The investigators then discovered that benzene and toluene released by the ocean significantly contributed to aerosol production by integrating the data into a global atmospheric chemistry and climate model.
This was particularly true in the Southern Ocean’s extremely clean and unpolluted atmosphere, where these two gases elevated the concentration of organic aerosols by 8% and up to 80% in transient situations.
According to the researchers, the natural impact of marine benzene and toluene on atmospheric chemistry was most certainly a ubiquitous and global phenomenon. However, the widespread effect of pollution would now obscure it.
Climate models will have to consider benzene and toluene emissions from the oceans if they want to get the clouds right in climate projections for both the past and the future.
Alfonso Saiz-López, Researcher, Instituto de Química Física Rocasolano
Alfonso Saiz-López headed the atmospheric modeling part of the research.
“This is another example of how millions of years of evolution have shaped the interactions between the ocean and the atmosphere, so that ocean life has not only adapted to the climate but has contributed to regulate it,” states ICM-CSIC researcher and co-author of the study Rafel Simó.

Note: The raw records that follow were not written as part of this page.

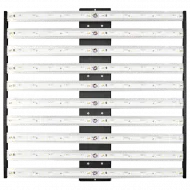 LED светильник Rootster Neva 340 Вт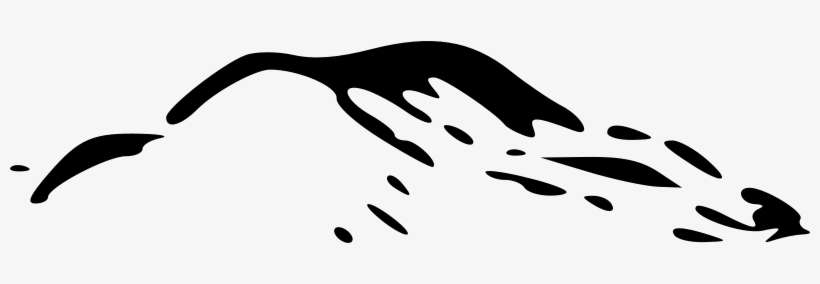 Free Freedownloads Com Hill Mercator Mountain Map - Mountain Map Icon, transparent png download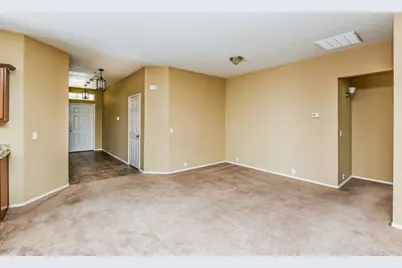 8421 Beaufort Court, Fort Worth, TX 76123 - Photo 4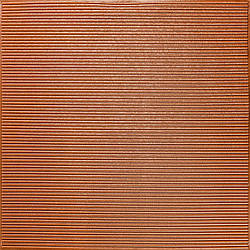 Панель 3D Bronze 700*700*4mm (D) SW-00001955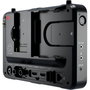 Atomos Shogun Ultra Monitor Grabador HDR 7 pulgadas
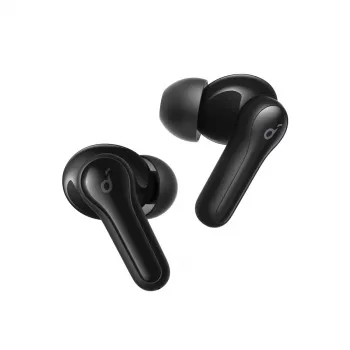 Auscultadores Anker R50i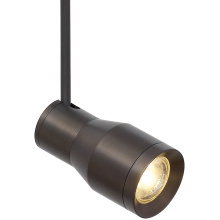 Visual Comfort & Co. Modern Collection 700MOACE927405Z - Ace Head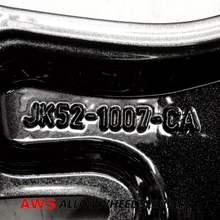 Load image into Gallery viewer, Wheel Rim Land Rover Range 21 2018 2019 LR098797 Painted OEM Factory OE 72323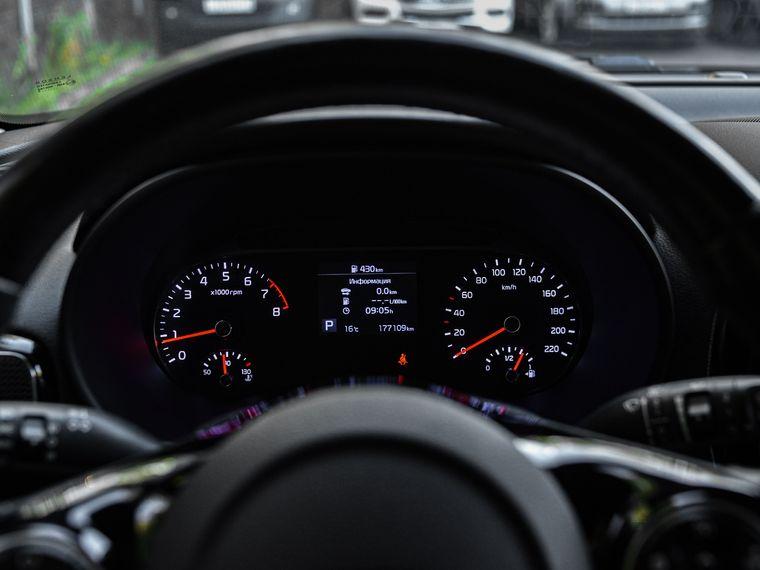 Kia Soul,  - вид 4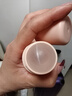 半畝花田止汗露男女腋下干爽香體去異味滾珠除汗留香30ml 曬單實拍圖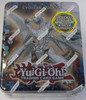 2012 Holiday Tins S1 Yu-Gi-Oh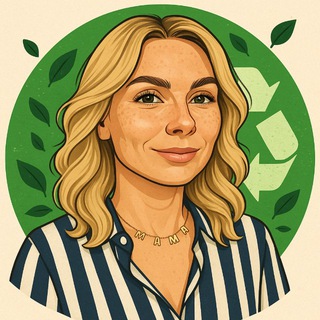Логотип @dashabotanikarecipes - Dashabotanika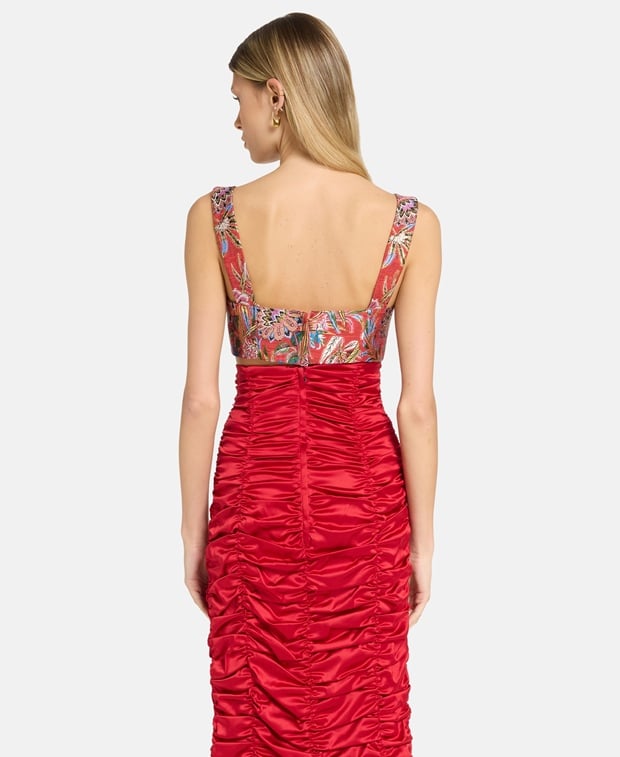 Dolce & Gabbana Elegant top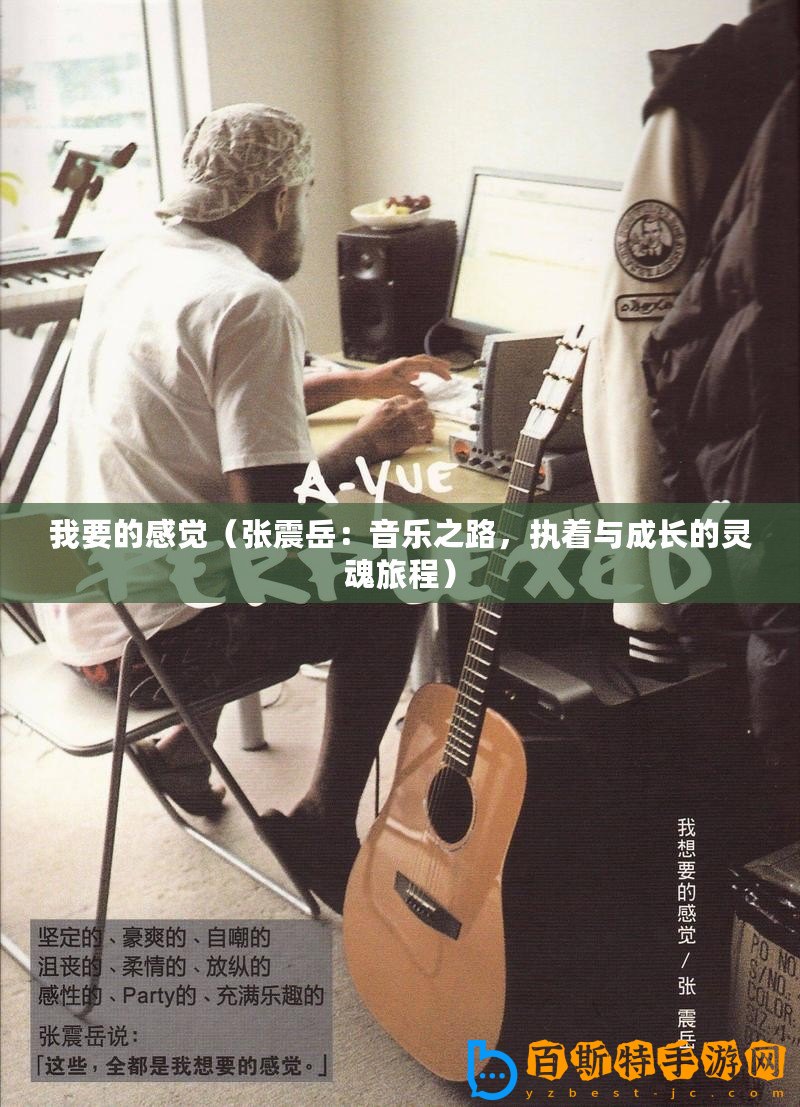 我要的感覺(jué)（張震岳：音樂(lè)之路，執(zhí)著與成長(zhǎng)的靈魂旅程）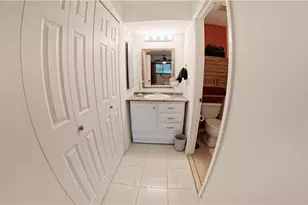 6300 South Pointe Blvd, Fort Myers, FL 33919 - Photo 10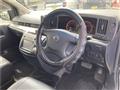2007 Nissan Elgrand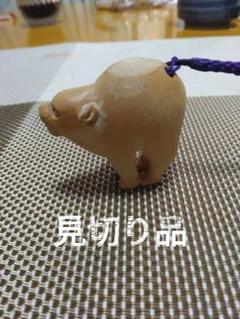 【アンティーク】木彫 一本彫り 駱駝型 折り畳み式 花台 ラクダ 置物 古道具 アンティーク】木彫 一本彫り 駱駝 折り畳み式 花台 ラクダ 置物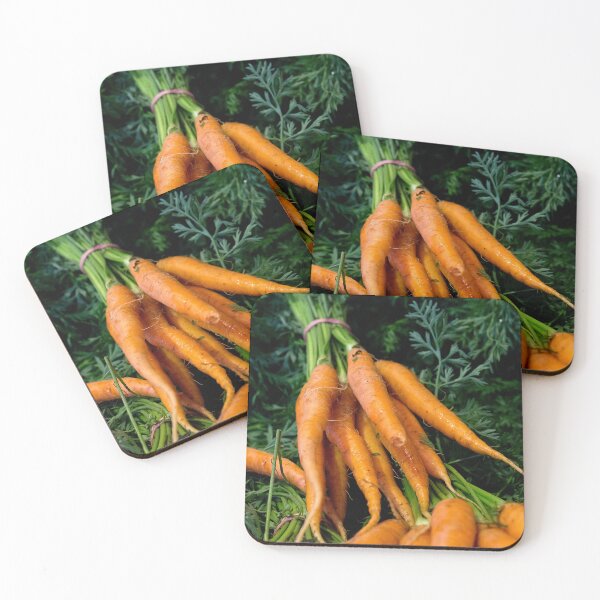 Item preview, Carrots designed and sold by deandigital.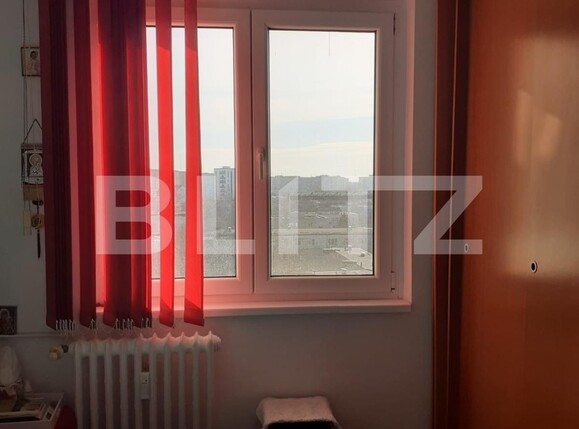 Apartament de vânzare 4 camere Dristor - 108246AV | BLITZ București | Poza5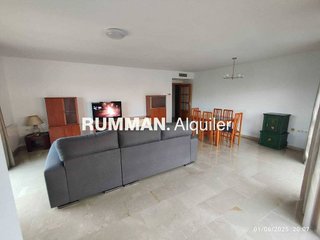 Piso en alquiler en Angustias - Chana - Encina en Granada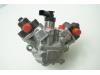 Mechaniczna pompa paliwa z Volkswagen Amarok 3.0 TDI V6 24V 4Motion 2020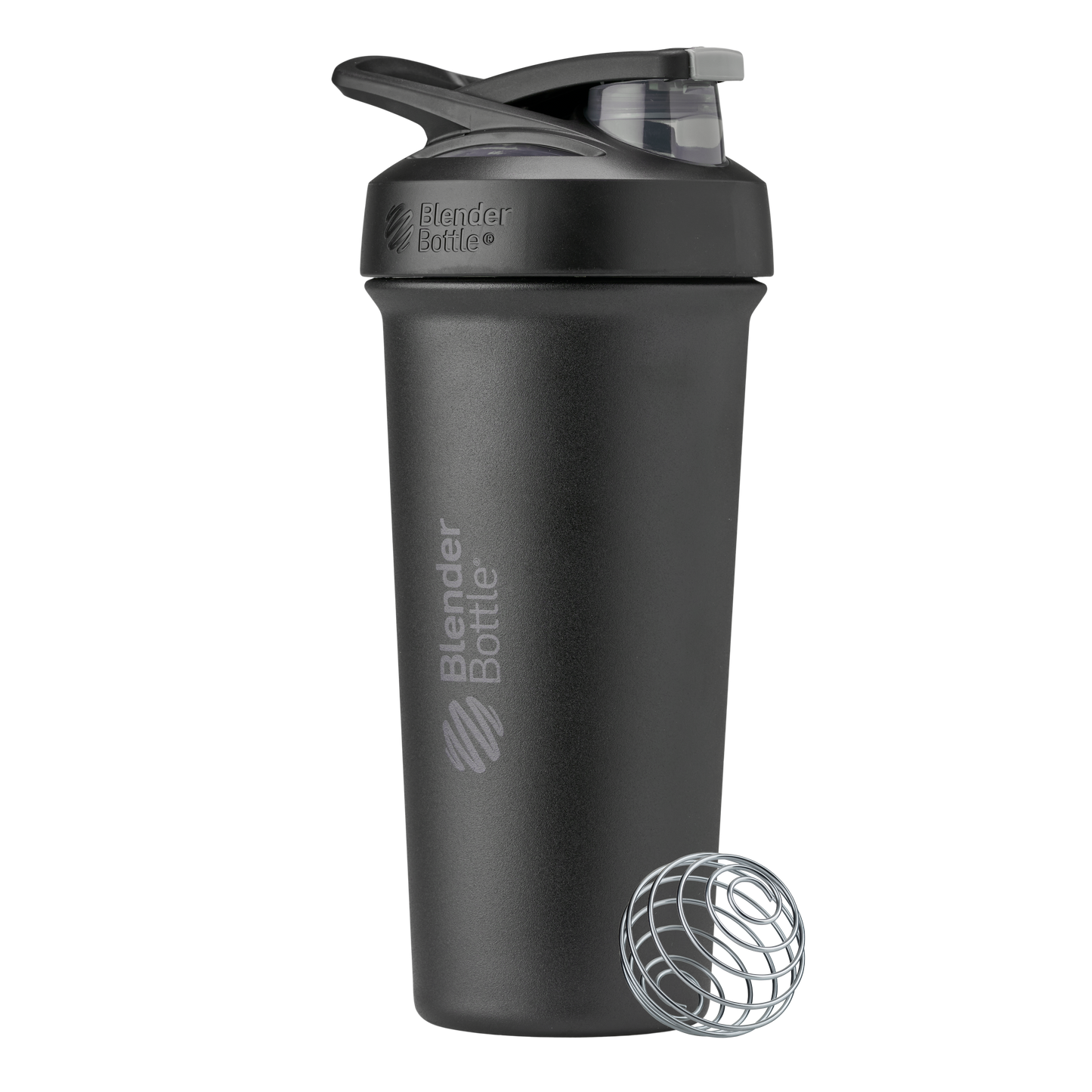 sport-stainless-sleek-x3 BB-Black-StradaSleek-TurnedSC_1.png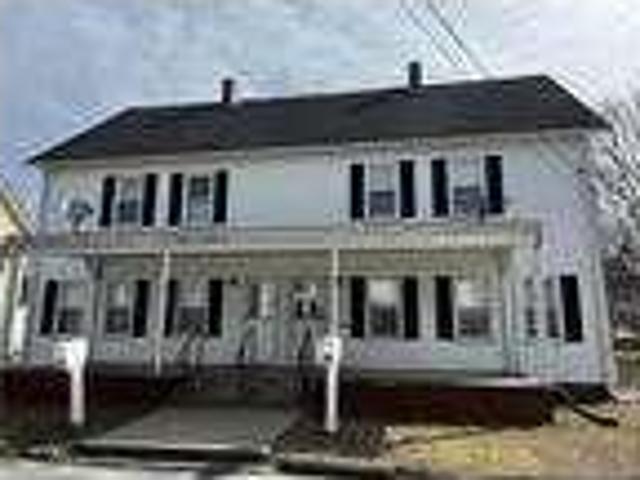 6 Bedroom 2 Bath In Plainfield CT 06354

The team will continue to investigate the effect of marine microscopic life on the atmosphere in the future. In fact, they will return to Antarctic waters in just two weeks to confirm the discovery and take additional measurements.
Wohl, C., et al. (2023) Marine biogenic emissions of benzene and toluene and their contribution to secondary organic aerosols over the polar oceans. Science Advances. doi.org/10.1126/sciadv.add9031.